= Given records =
○ ○ ○ ○ ○

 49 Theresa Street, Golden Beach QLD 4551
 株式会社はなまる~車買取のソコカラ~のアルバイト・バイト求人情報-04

○ ○ ○ ○ ○

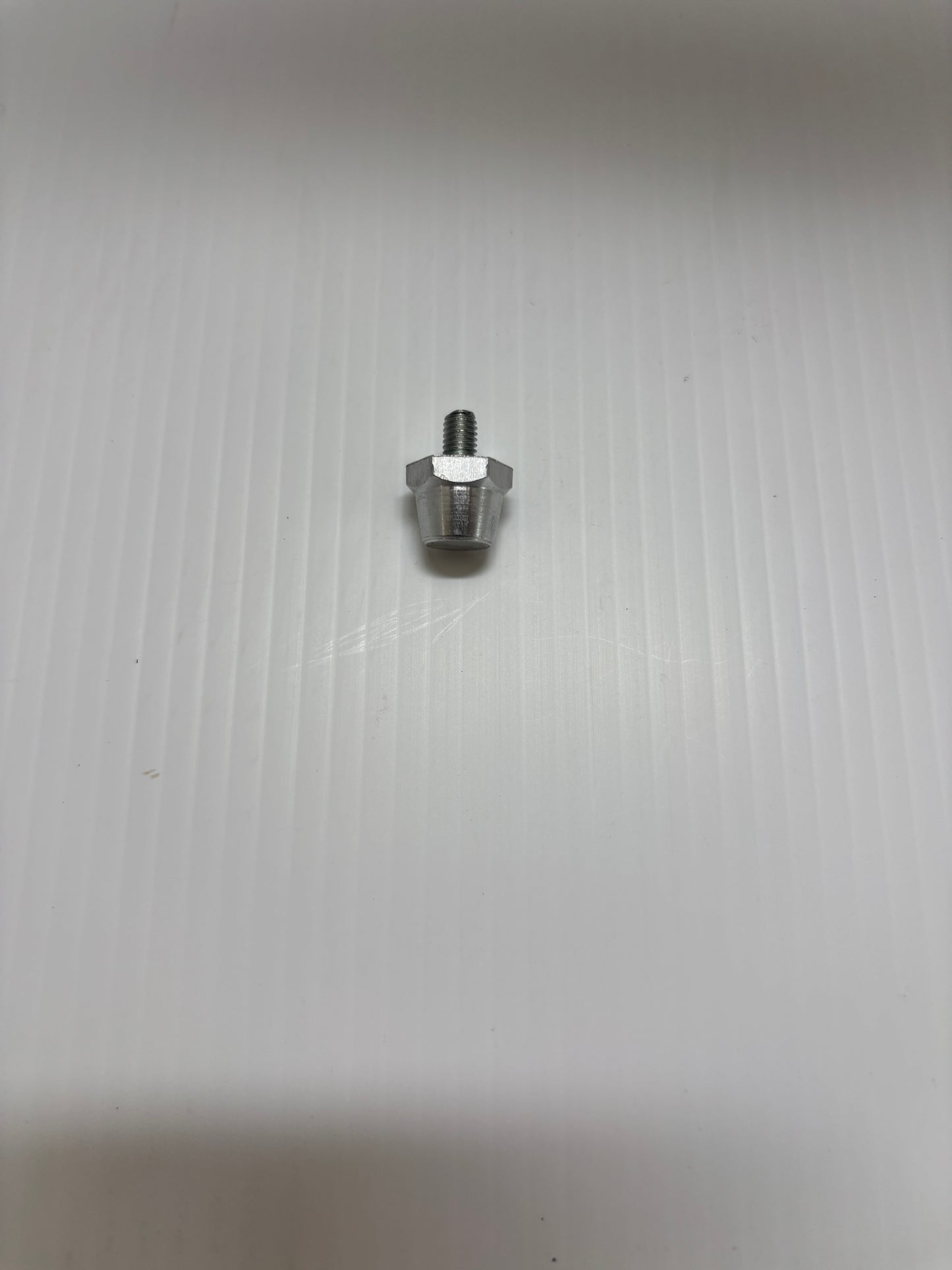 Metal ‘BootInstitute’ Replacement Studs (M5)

○ ○ ○ ○ ○

= Problem to solve =
Copy range, inclusive: the line holding "49 Theresa Street, Golden Beach QLD 4551" to the line holding "株式会社はなまる~車買取のソコカラ~のアルバイト・バイト求人情報-04". Reproduce exactly those lines of the records above and no others.

= Answer to this problem =
 49 Theresa Street, Golden Beach QLD 4551
 株式会社はなまる~車買取のソコカラ~のアルバイト・バイト求人情報-04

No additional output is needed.